Sebab, dari kedua kejadian pelemparan granat oleh pelaku yang tidak dikenal itu sebagian publik di Aceh mulai mereka-reka motif dibalik aksi kriminal tersebut. Bahkan, ada yang mengait-kaitkan teror granat itu dengan "perang dingin" antara pro dan kontra pelaksanaan pemilihan kepala daerah (pilkada) gubernur-wakil gubernur serta 17 pasangan bupati/wali kota dan para wakilnya di Aceh.

Granat pertama dilemparkan orang tak dikenal dan meledak di halaman depan kantor tim sukses (seuramoe) bakal calon gubernur/wakil gubernur pasangan Irwandi Yusuf-Muhyan Yunan di Lampriet Kota Banda Aceh. Dua hari berselang, sebuah granat juga meledak di trotoar jalan Tgk Daud Beureueh di depan wisma Lampriet Kota Banda Aceh. Khabar yang berkembang, wisma tersebut dihuni staf dari Kementerian Polhukam.

Untuk itu, Wakil Ketua Komisi III DPR HM Nasir Djamil meminta aparat kepolisian untuk memastikan dan menjamin bahwa situasi keamanan di Aceh tetap kondusif, terutama menjelang pilkada. "Jika polisi tidak mampu mengungkap pelaku dari dua kali pelemparan granat di Kota Banda Aceh itu, maka akan membuat suasana di Aceh tidak kondusif menjelang pilkada," katanya.

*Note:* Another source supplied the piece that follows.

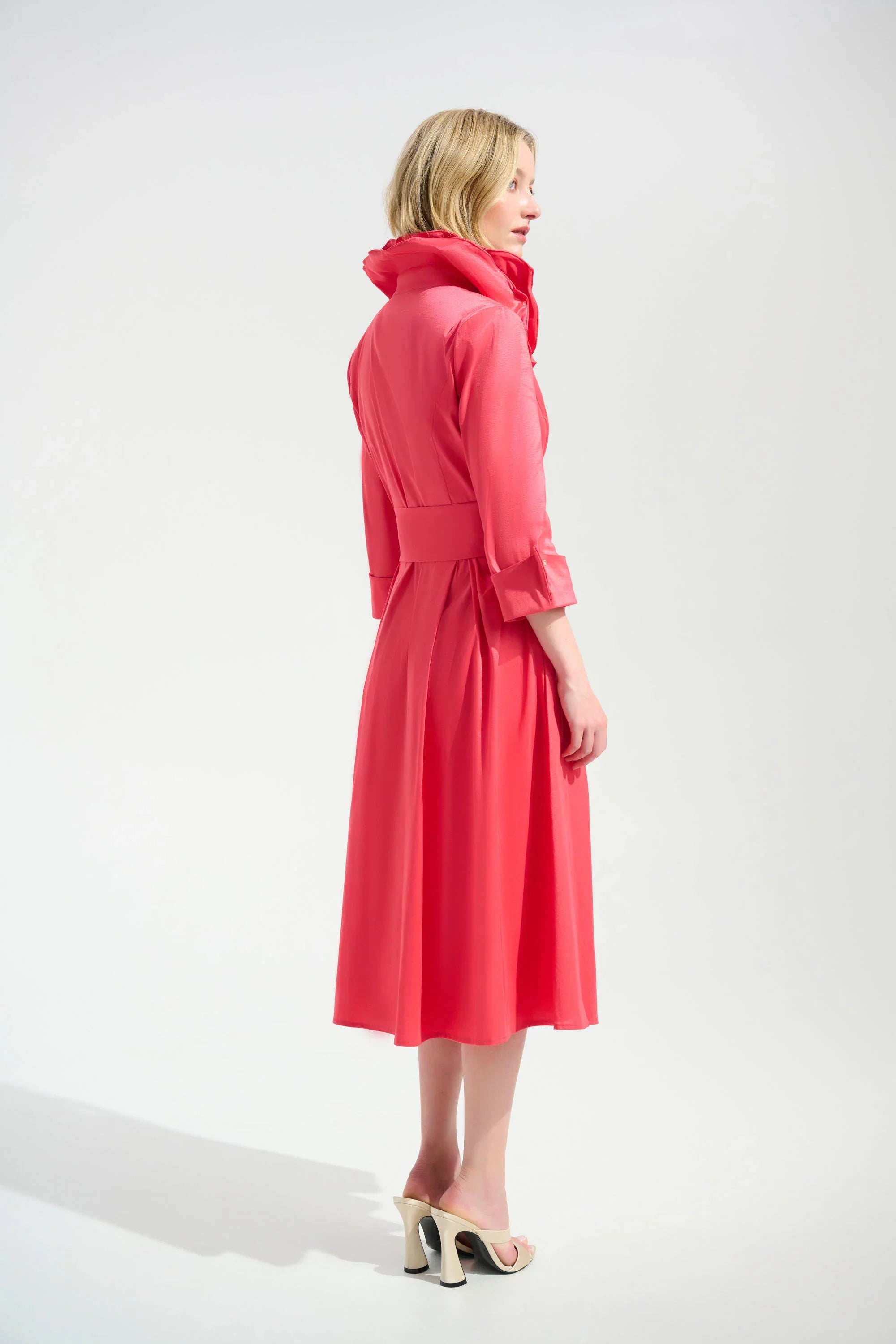 Taffeta Wired Lapel Dress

Nasir Djamil juga menilai teror granat itu merupakan bukti awal yang kalau tidak segera diantisipasi oleh aparat keamanan maka dikhawatirkan dapat menimbulkan suasana "huru-hara" di Aceh.

Forum Lembaga Swadaya Masyarakat (LSM) Aceh mengutuk keras aksi teror granat yang dilakukan orang tidak bertanggungjawab  itu. "Kami mengutuk keras aksi teror yang dilakukan itu karena sangat merugikan Aceh, apalagi sampai mengorbankan masyarakat yang tak bersalah," kata Sekretaris Jendral Forum LSM Aceh Sudarman Alkatiri Puteh.

Forum LSM Aceh juga mendukung dan mendesak aparat kepolisian untuk menemukan dan menindak tegas pelaku teror agar masyarakat dapat menjalankan aktivitas sehari-hari tanpa rasa takut. Apalagi aksi teror dilakukan di pusat Kota Banda Aceh, sebagai ibukota Provinsi Aceh, yang tentunya menjadi taruhan bagi kredibilitas pihak kepolisian di mata masyarakat dalam memberikan rasa aman.

Sudarman Alkatiri Puteh juga mengimbau elit politik di Aceh untuk menyuarakan dan mengampanyekan perdamaian serta masyarakat juga diminta tenang dan tidak takut dengan teror itu. "Jangan sampai situasi ini dimanfaatkan oleh orang yang ingin mengacaukan perdamaian Aceh dan mengaitkan aksi teror dengan dinamika politik saat ini. Bila itu terjadi, selain mempengaruhi elektabilitas, teror seperti ini juga memberi pengaruh buruk terhadap citra politik di mata publik," katanya.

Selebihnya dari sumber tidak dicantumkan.